= Georg Charpentier =

Georg Charpentier (born 11 August 1956 in El Salvador) currently serves as United Nations Deputy Special Representative and Resident Coordinator in Libya. He was appointed to this position by the United Nations Secretary-General Ban Ki-moon on 19 September 2011. Previously, he was the Deputy Special Representative of the United Nations Secretary-General for Côte d'Ivoire. In this capacity, he is responsible for Humanitarian Coordination, Recovery and Reconstruction, Resident Representative of the United Nations Development Programme (UNDP), Resident Coordinator of the United Nations System in Côte d'Ivoire and Humanitarian Coordinator.
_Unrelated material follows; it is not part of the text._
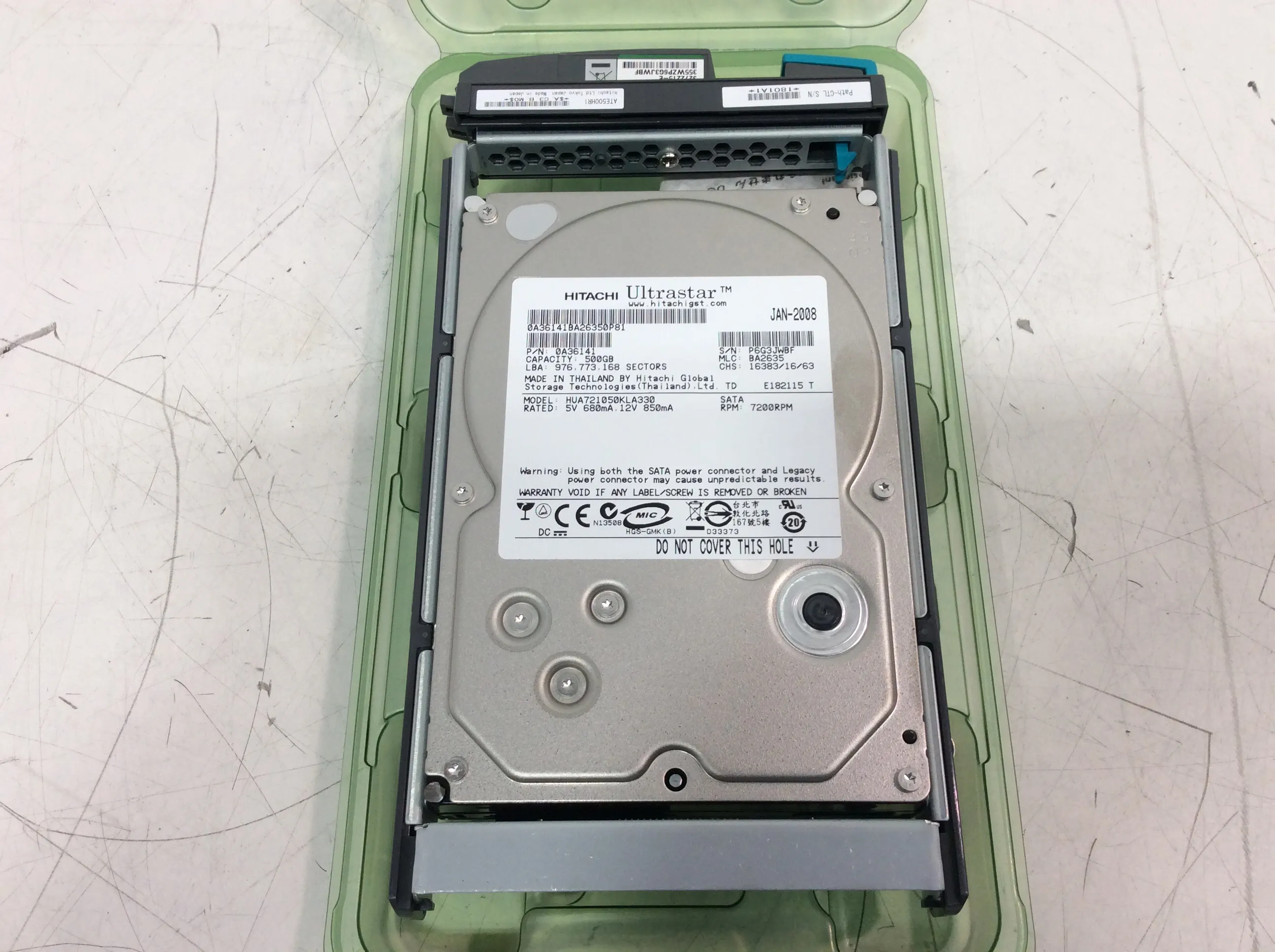 Hitachi Ultrastar HUA721050KLA330 500GB SATA Hard Drive 0A36141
For more than two decades, Charpentier has been working with the UN and serving in different functions. His first position with the Organization was a Programme Officer in Vietnam, where he started in 1984. He then moved on to different posts in a variety of countries, including Mauritania, Mali, São Tomé and Príncipe, Lesotho and Ethiopia. In Congo and Burundi, he served as Resident Representative and Resident Humanitarian Coordinator.

His senior appointment within the UN include deputy director of UNDP's Bureau of Crisis Prevention and Recovery, in Geneva. In this capacity, he was responsible for countries in transition and in post-crisis situations, the reduction of the circulation of small arms, demobilisation, prevention of catastrophes and assistance to countries seeking to adapt their programmes to post-crisis situations.

Charpentier also served as coordinator of the UN System and resident representative in Burkina Faso since 2004. In 2006, he went to Burundi to help prepare for the creation of the UN Integrated Office in Burundi.

Charpentier has a master's degree in economics (1981) from Helsinki University.